In der vierten Erstligasaison ist die Mannschaft von Chris Flemming mittlerweile eine Macht. Im vergangenen Jahr reichte es für Platz fünf und ein denkwürdiges Play-Off-Duell mit den Eisbären Bremerhaven, dem Newcomer und dritten im Bunde der Liga-Nordwestriege. Eine Entwicklung, die so mancher der Liga-Oberen mit Skepsis verfolgt, denn im Sinne besserer Vermarktung dachte man eher an eine Expansion in die Großstädte. Doch die bodenständige und solide Arbeit der Verantwortlichen hat die drei Provinzteams etabliert. Das Quakenbrücker Wunder hat der ehemalige Junioren-Nationalspieler Günter Kollmann ermöglicht. Der schwerreiche Textilunternehmer investierte über Jahre erhebliche Summen in sein Team und stellte rechtzeitig zum Aufstieg sicher, dass es eine neue bundesligataugliche Halle bekommt. Alles aus purer Basketballverrücktheit, so heißt es.

Da muss man im benachbarten Oldenburg schon aufpassen, nicht ins Hintertreffen zu geraten. Der regionale Energieversorger EWE investiert mehr als drei Millionen Euro pro Jahr in die Mannschaft, die es in den vergangenen vier Jahren stets unter die ersten acht und damit in die Play-Offs geschafft hat. Auch in Oldenburg gibt es eine neue Arena, deren Architektur bereits die gehobenen Ansprüche unterstreicht, die das Team erfüllen soll. Schwierigkeiten bereiten die häufigen Wechsel: Nur drei Spieler des Kaders aus dem Vorjahr sind noch dabei. Elf neue kamen, ebenso viele verließen den Club.

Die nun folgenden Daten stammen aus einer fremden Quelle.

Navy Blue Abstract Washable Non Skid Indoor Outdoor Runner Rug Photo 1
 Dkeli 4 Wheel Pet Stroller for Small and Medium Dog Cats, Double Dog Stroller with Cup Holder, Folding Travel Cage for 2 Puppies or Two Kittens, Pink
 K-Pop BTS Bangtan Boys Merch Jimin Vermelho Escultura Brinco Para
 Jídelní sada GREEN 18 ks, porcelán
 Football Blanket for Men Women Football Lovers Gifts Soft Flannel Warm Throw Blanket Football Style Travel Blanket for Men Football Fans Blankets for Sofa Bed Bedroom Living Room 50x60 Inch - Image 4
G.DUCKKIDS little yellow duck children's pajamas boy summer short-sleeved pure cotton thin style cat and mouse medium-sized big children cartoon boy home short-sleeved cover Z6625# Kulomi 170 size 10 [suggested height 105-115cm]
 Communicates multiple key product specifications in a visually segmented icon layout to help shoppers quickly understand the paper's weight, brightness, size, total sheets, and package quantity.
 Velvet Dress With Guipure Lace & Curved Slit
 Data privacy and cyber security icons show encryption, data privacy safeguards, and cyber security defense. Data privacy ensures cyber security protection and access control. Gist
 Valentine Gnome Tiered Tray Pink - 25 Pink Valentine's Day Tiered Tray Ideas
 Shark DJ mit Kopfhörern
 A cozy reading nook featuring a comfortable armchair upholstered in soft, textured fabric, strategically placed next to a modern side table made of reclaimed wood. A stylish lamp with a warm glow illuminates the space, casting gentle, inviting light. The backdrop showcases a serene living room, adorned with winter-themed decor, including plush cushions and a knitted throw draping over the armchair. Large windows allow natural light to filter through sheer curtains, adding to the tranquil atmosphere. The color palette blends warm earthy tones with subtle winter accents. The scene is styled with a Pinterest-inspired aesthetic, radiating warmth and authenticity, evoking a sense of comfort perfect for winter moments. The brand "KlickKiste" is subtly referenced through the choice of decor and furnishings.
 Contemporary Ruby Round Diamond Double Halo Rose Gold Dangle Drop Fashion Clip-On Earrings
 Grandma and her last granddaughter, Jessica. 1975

Die meist US-amerikanischen Profis sind Wandervögel, immer auf der Suche nach guten Angeboten in ganz Europa oder auch in Asien. Dies bedeutet alljährliche Aufbauarbeit für Headcoach Don Beck. Als zu Saisonbeginn der in die Jahre gekommene McCoy für Wochen ausfiel, legten die Baskets mit fünf Pleiten einen echten Fehlstart hin. Mittlerweile haben sie sich wieder an die Play-Off-Plätze herangearbeitet. Man übt sich in Zuversicht: Das Team habe genug Qualität, auch in diesem Jahr die Hauptrunde zu überstehen. Und im Viertelfinale darf es dann gerne ein Derby sein.